▶ [Work to be completed]:
Starting at the line containing "Будинок у м. Тячів, за 100 м від лікарні" and ending at the line containing "Kit de manicure", print every line of the material below exactly, both ends included, and stop there.
Data supplied section start
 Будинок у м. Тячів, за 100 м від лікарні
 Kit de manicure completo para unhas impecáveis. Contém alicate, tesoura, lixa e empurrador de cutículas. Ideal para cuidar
Data supplied section end
Data supplied section start
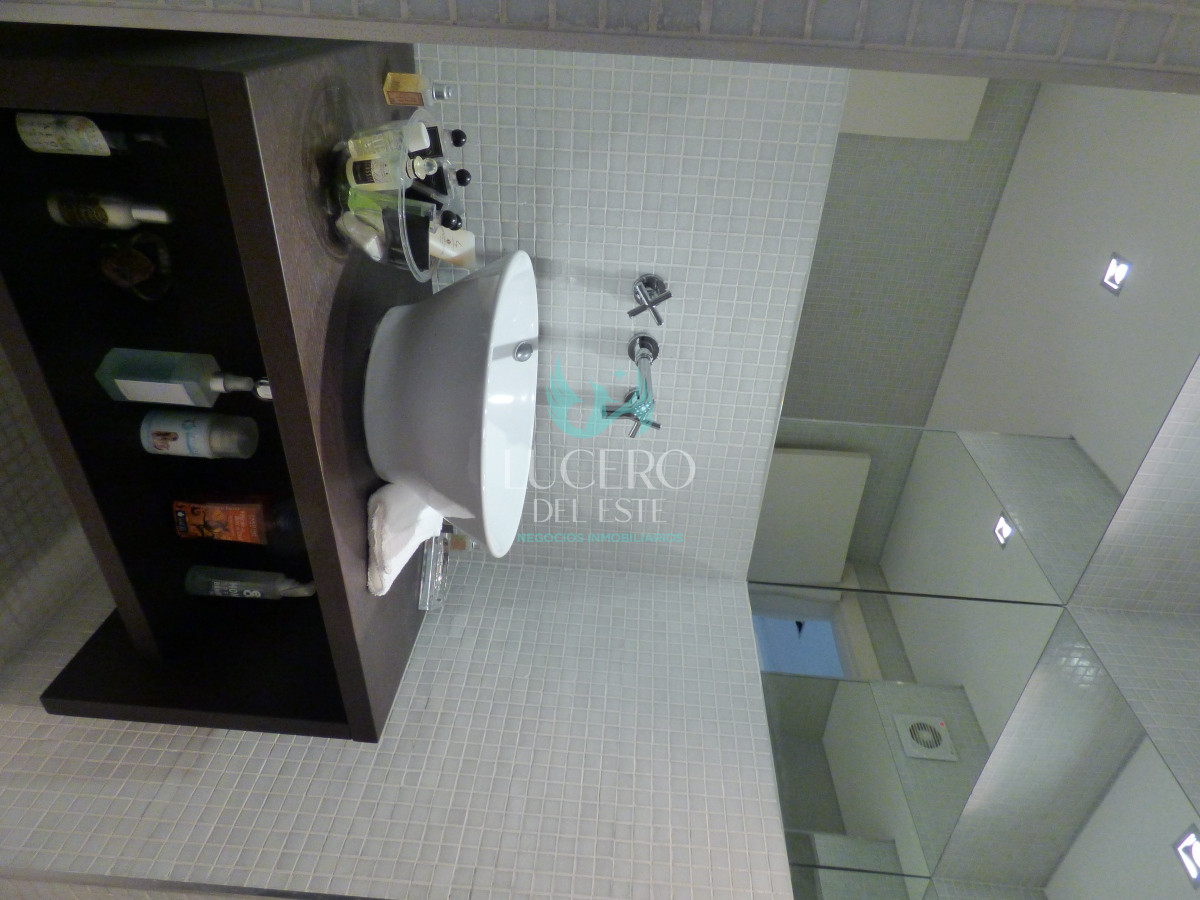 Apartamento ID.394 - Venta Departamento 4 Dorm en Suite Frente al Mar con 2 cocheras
Data supplied section end
Data supplied section start
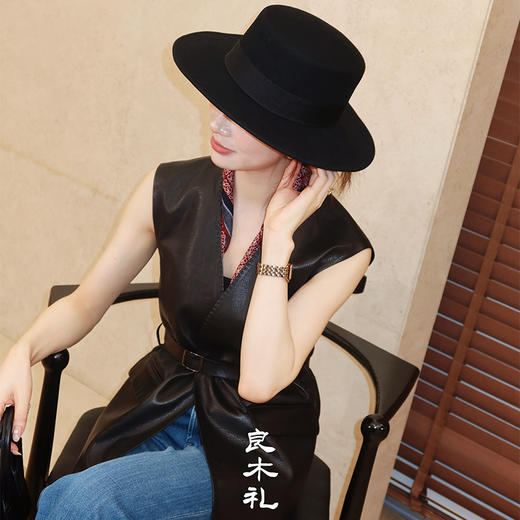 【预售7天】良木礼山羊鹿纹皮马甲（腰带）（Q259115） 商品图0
Data supplied section end
▶ [Task output]:
 Будинок у м. Тячів, за 100 м від лікарні
 Kit de manicure completo para unhas impecáveis. Contém alicate, tesoura, lixa e empurrador de cutículas. Ideal para cuidar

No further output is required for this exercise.